▶ **Available records**:
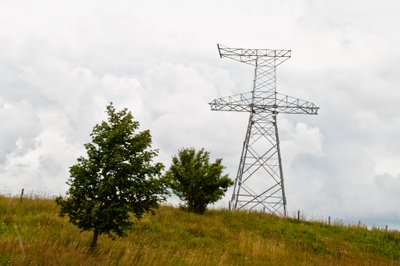 Elektors linija šalia medžių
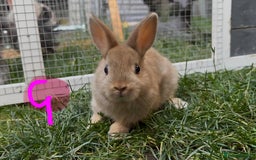 Netherland Dwarf rabbits for sale: Various Netherland Dwarfs available from £20 - Image 21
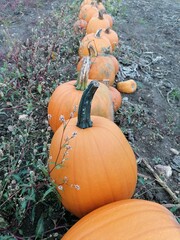 A row of big orange halloween pumpkins growing in a field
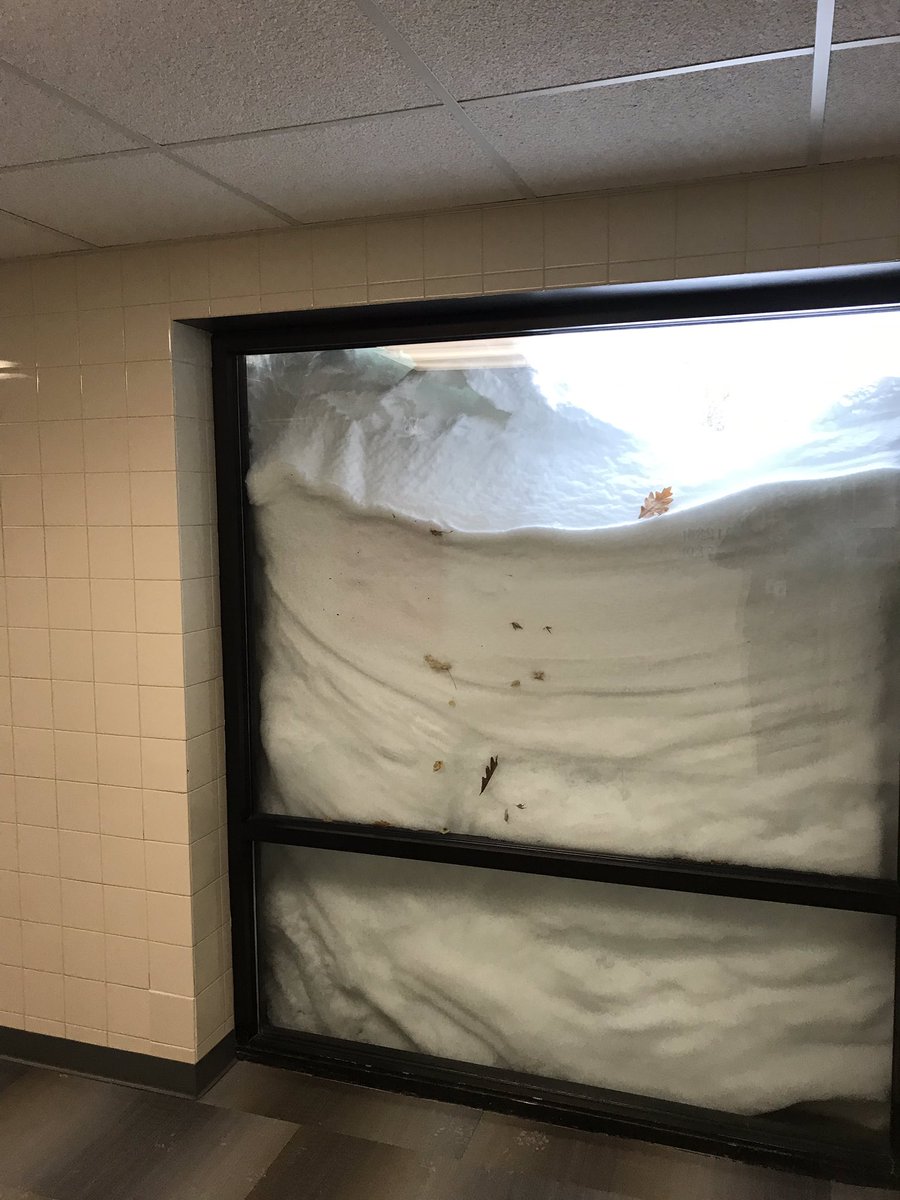 washmustangpe's tweet photo. Crazy start to the week here in Owatonna....just got a little bit of snow!!  Anyone have a shovel???!! https://t.co/6ibAMHTtxJ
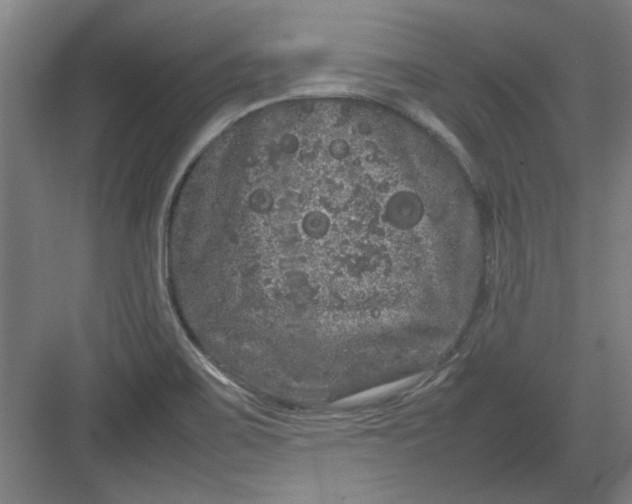 X0000082941467200702152201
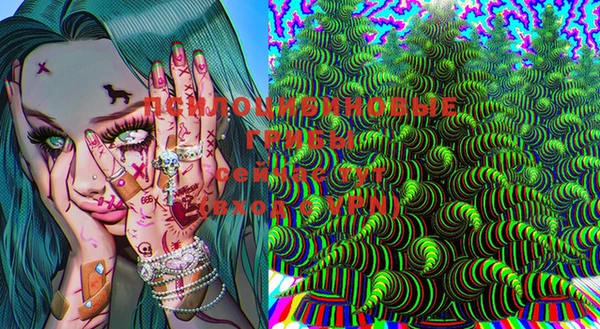 индика Горняк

▶ **Task to carry out**:
Output the records exactly, pictures excluded.

▶ **Problem solution**:
 Elektors linija šalia medžių
 Netherland Dwarf rabbits for sale: Various Netherland Dwarfs available from £20 - Image 21
 A row of big orange halloween pumpkins growing in a field
 washmustangpe's tweet photo. Crazy start to the week here in Owatonna....just got a little bit of snow!!  Anyone have a shovel???!! https://t.co/6ibAMHTtxJ
 X0000082941467200702152201
 индика Горняк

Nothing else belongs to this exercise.